Your task: All lines from the one with "this 640×480 image." to the end of the data: return those exactly, and only those.
┄┄┄┄┄┄┄┄┄┄┄┄┄┄┄┄┄┄┄┄
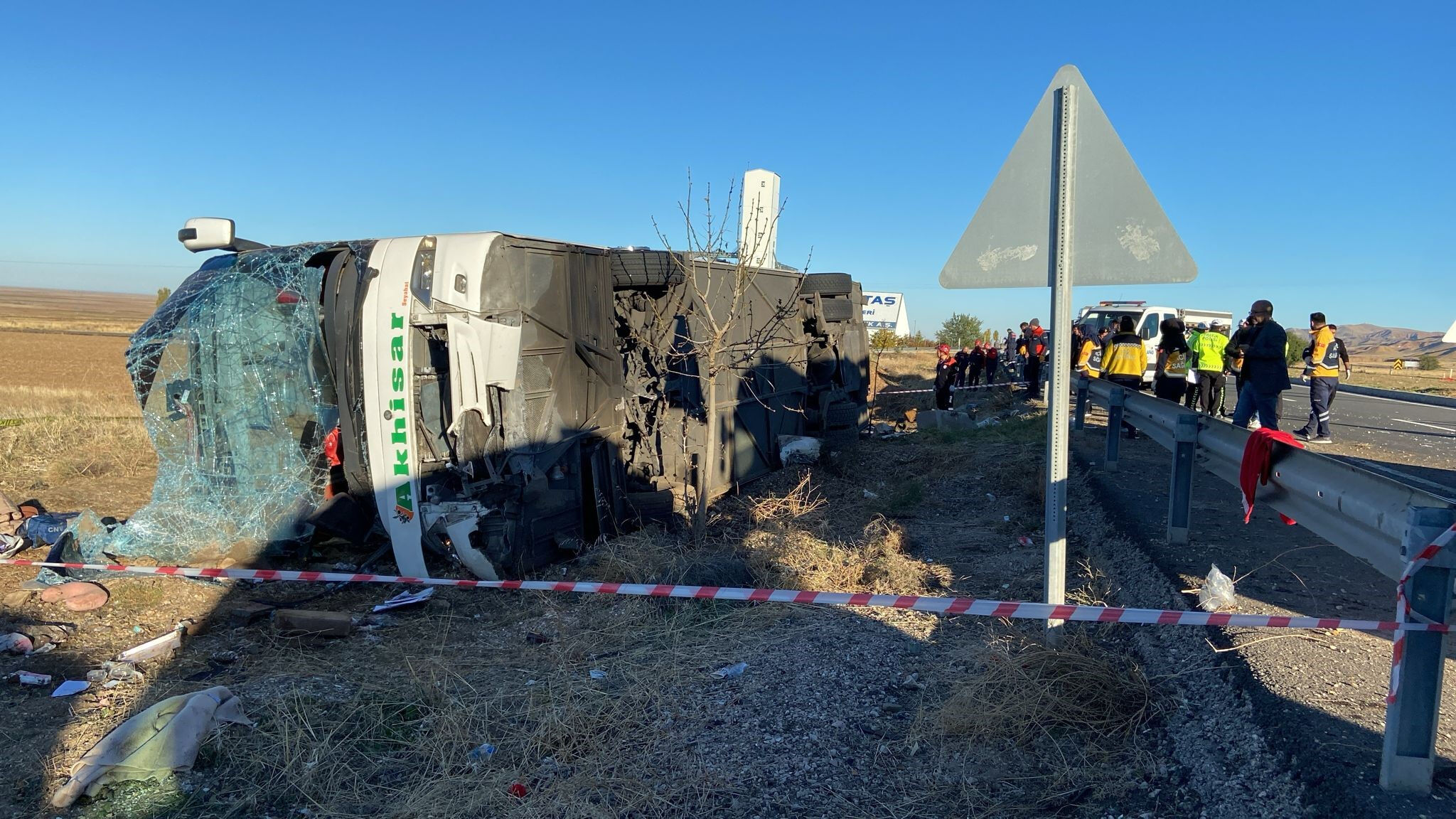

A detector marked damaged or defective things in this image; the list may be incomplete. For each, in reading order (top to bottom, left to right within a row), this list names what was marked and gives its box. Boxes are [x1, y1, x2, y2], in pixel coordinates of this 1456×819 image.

crumpled metal panel [76, 242, 335, 560]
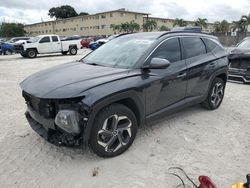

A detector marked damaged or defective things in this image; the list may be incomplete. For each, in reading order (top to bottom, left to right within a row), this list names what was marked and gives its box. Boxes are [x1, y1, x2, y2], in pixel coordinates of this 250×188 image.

damaged front end [22, 92, 89, 146]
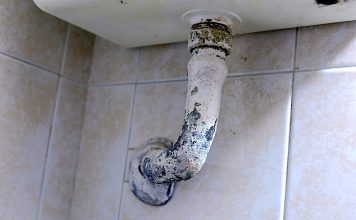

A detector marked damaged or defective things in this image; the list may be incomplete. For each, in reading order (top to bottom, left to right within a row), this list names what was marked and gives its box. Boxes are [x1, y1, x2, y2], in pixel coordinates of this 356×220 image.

corroded drain pipe [129, 9, 242, 206]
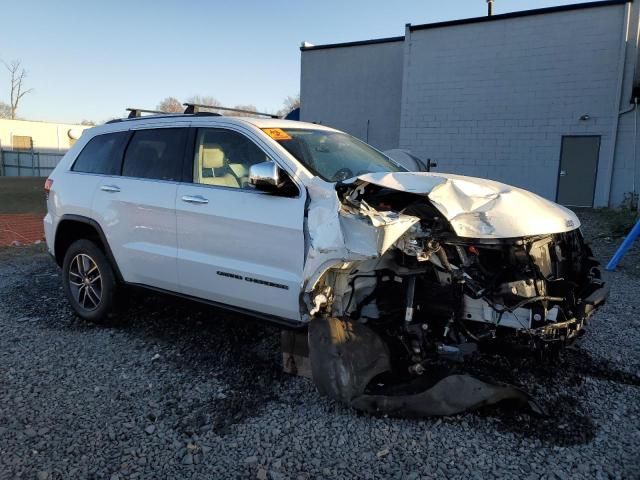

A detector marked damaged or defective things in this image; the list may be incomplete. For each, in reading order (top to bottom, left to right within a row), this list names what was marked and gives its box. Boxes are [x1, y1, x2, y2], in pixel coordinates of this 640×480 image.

severe front-end damage [302, 172, 608, 416]
crumpled hood [350, 172, 580, 240]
┄┄┄┄┄┄┄┄┄┄┄┄┄┄┄┄┄┄┄┄
Your solution:
A detector marked damaged or defective things in this image; the list may be incomplete. For each, in reading order (top to bottom, left to right within a row), this list names what was marked and gives its box. Boxes are [x1, y1, x2, y2], in pixel coordinates of this 640×480 image.

severe front-end damage [302, 172, 608, 416]
crumpled hood [350, 172, 580, 240]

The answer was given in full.